The science of teenage behavior is difficult to pin down.
Friday, June 13 was the last day of classes in the two major public-school districts in the Triad. Thus begins an annual ritual for downtown Greensboro and downtown Winston-Salem: weekend gatherings of young people, often unsupervised and frequently bored. Usually, everything works out fine, but sometimes circumstances conspire to produce a distressing phenomenon known as the “large-scale fight.”
In Greensboro, the police have banded together with a church group to try to prevent an incident like what happened last June, when some fights broke out near Center City Park within a group of upwards of 300 young people. Police responded with pepper spray to disperse the crowd, and the city council called an emergency meeting to impose a temporary curfew.
This year Deputy Chief James Hinson, who supervises the Greensboro Police Department’s patrol division, called Joe Frierson, the young-adult pastor at Mt. Zion Baptist Church, and asked him to bring parishioners to engage with young people on weekends. The previous summer, after the night of trouble, Frierson had participated in an effort involving a handful of churches to provide transportation to young people to safe spaces where the curfew was not in force.
They gathered at 9:15 p.m. on Friday for a briefing in a meeting room on the first floor of the new police headquarters at Federal Place. Hinson addressed three members of the downtown bike patrol; Ed Cobbler, a retired Greensboro police officer who works as a private investigator; and a handful of men from Mt. Zion Baptist Church, including a firefighter who works for the Chapel Hill Fire Department. Hinson told the group his goal is to prevent another curfew by proactively engaging with young people in a positive manner to send the message that they should have fun while acting responsibly.
Meanwhile, something like what the police and churchmen were trying to head off in Greensboro had already transpired about an hour earlier in Winston-Salem.
Winston-Salem police reported that a large number of juveniles began to gather around West Fourth Street between Cherry and Marshall streets at about 8 p.m. The crowd migrated to Winston Square Park, where fights were reported. Police used pepper spray to break up the fights and disperse the crowd, estimated by police at 300 people.
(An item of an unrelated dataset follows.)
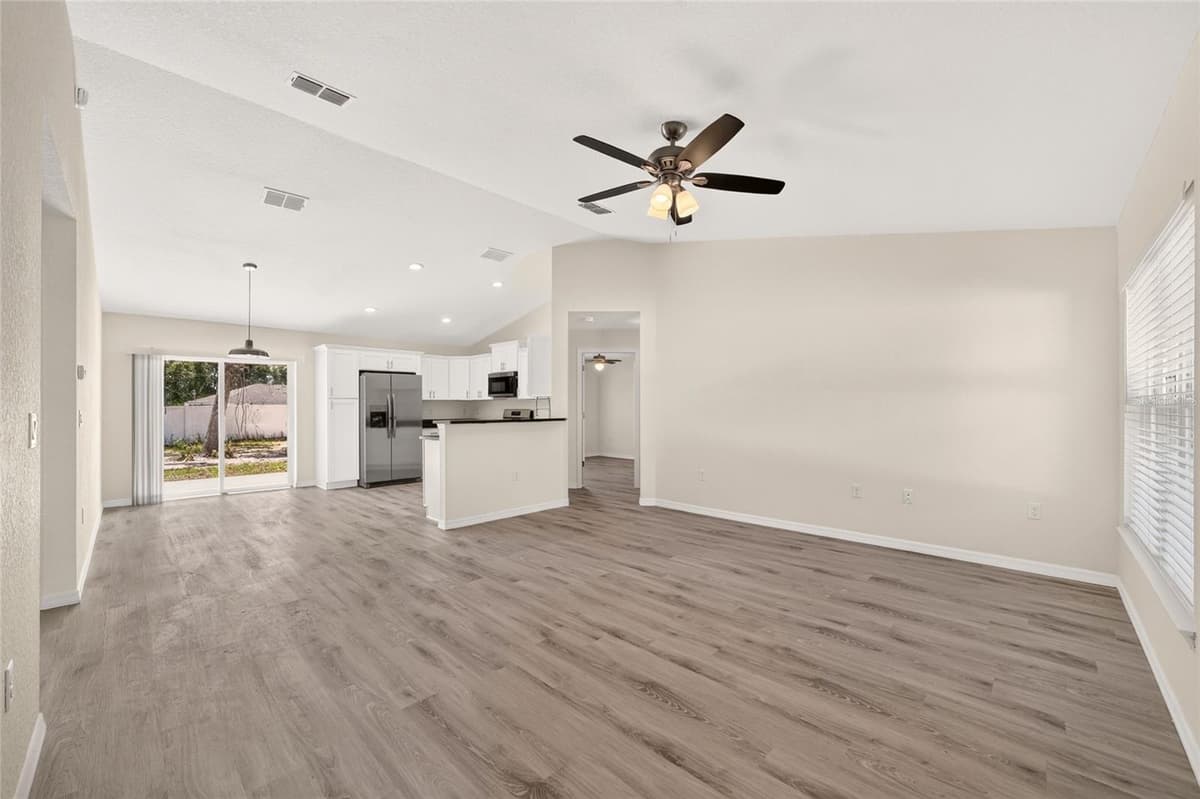 7 CYPRESS ROAD — photo 3 of 32
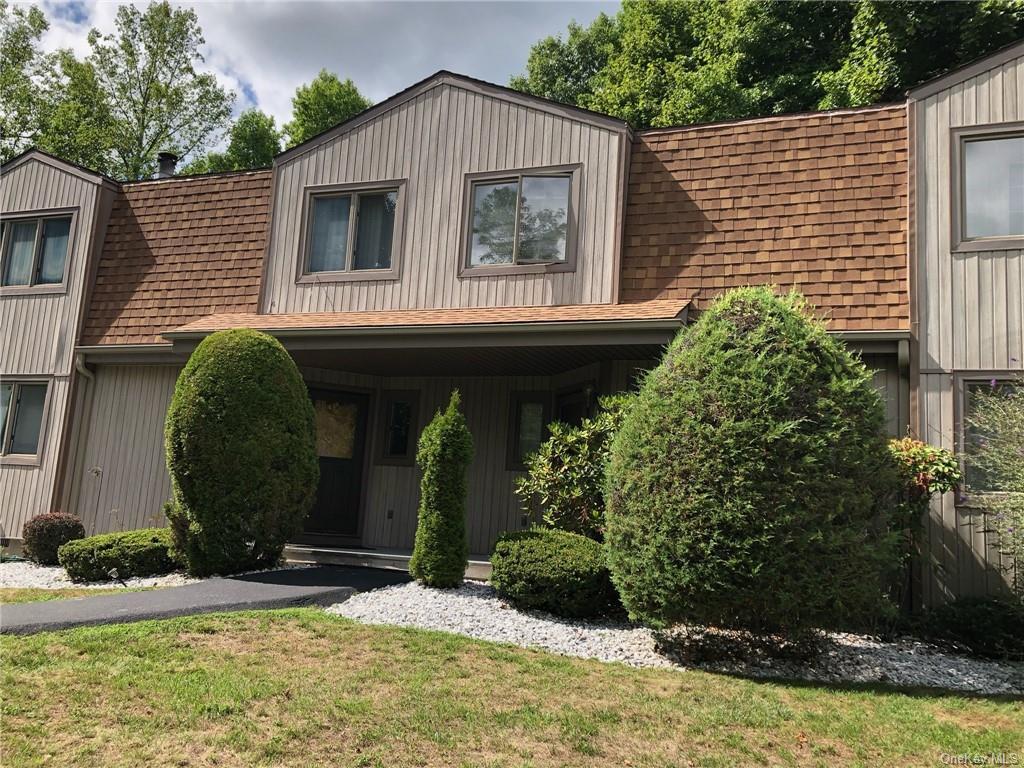 14 High Meadow Trail, Peekskill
Police arrested a 16-year-old girl and a 19-year-old man, charging both with disorderly conduct and resisting arrest. They took four juveniles into custody and later released them to the custody of their parents. The incident resulted in traffic congestion as young people began running through downtown, but police reported no injuries.
In Greensboro that night, as the police officers and churchmen fanned out along the length of South Elm Street, bike patrol Officer Kirk Stafford predicted that the weekend gatherings of young people would gradually swell as the July 4 holiday approaches. He thought the numbers might be light on this particular night because of graduation parties. Later, a citizen told him that a lock-in at a recreation center was underway — a possible explanation for the light turnout.
“You can kind of see it,” Stafford said. “They start grouping up, and they walk around and then circle back to meet each other. When they start chanting at each other you know it’s time to call in back-up.”
Clifford Perry, 42, was sitting on a bench in Center City Park with a friend when Deputy Chief Hinson strolled by.
“How’re you doing?” Hinson said in greeting.
“I like the police,” Perry said. “I’m trying to tell my son: ‘The police are not your enemy. If you run from them, they’re going to wonder what’s in your backpack, or in your head.’”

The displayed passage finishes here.